The procedure to produce these two colours required different heat treatments for the formation of Cu
2O crystals of specific dimensions. In the sealing wax, it was important that the molten glass was laid at temperature slightly below the melting temperature (for a long period), to promote the formation of few nucleus. A second step was probably a gradual and prolonged cooling phase, in order to encourage the growth of crystal [
17]. On the contrary, to produce orange glass, the molten glass should be maintained at a temperature lower than the sealing wax, in order to increase the number of small cuprite crystals [
17].
The euhedral calcium antimonate crystals, detected in sample AR2, were not considered to be a possible opacifying agent or a voluntary addition to achieve a specific hue. It most probably formed as the glass started to cool or laid a temperature below the melting point, for a prolonged period [
18]. In sealing wax red glass, no devitrification products were detected. High concentrations of lead probably obstructed the formation of devitrification products that prevented the development of cuprite [
18].
The presence of sealing wax among the
sectilia of Lucius Verus villa could open a new path in the definition of the correct chronology of its production.
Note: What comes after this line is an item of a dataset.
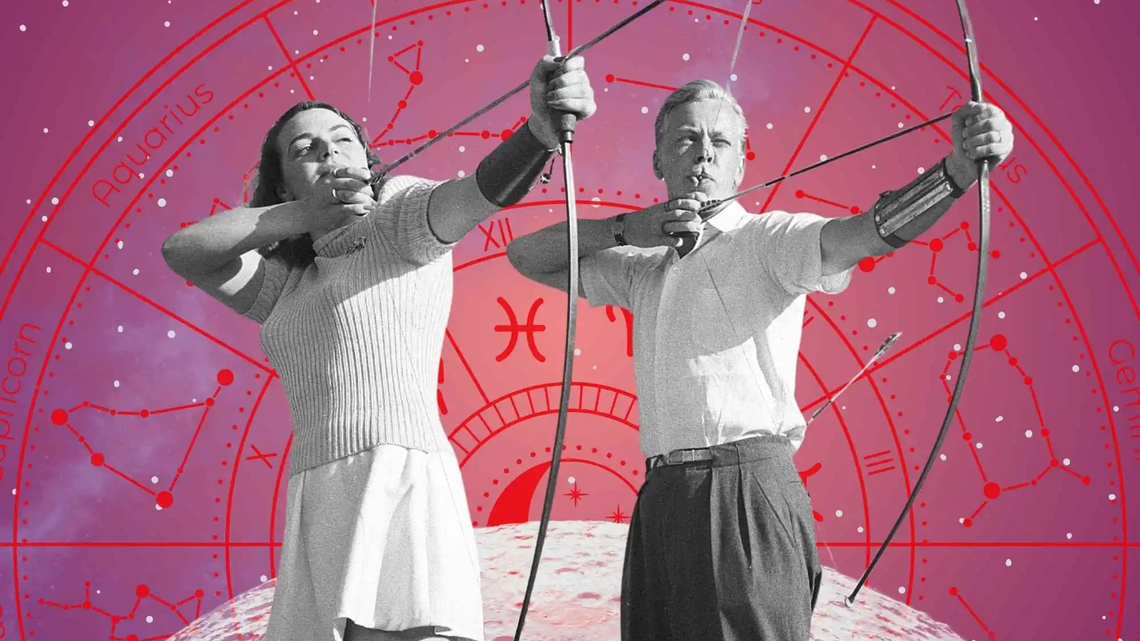 Zwei Personen im Retro-Stil zielen mit Pfeil und Bogen vor einem rosa-lila Sternenhimmel mit Tierkreiszeichen im Hintergrund. Symbolisiert Zielstrebigkeit und Leidenschaft in der Liebe.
Other authors encountered sealing wax in Roman mosaic tesserae and enamels, but only until the 1st century AD [
43,
44]. In our case, sealing wax was abundantly present, which could suggest that during the 2nd century AD, this technology was not abandoned but was still well-known. Likely, the control of colour in the sealing wax was more difficult than in the brick red (Gr-1), which needed less time in its production. These factors would have favoured the employment of sealing wax only for high-status clients and at special request.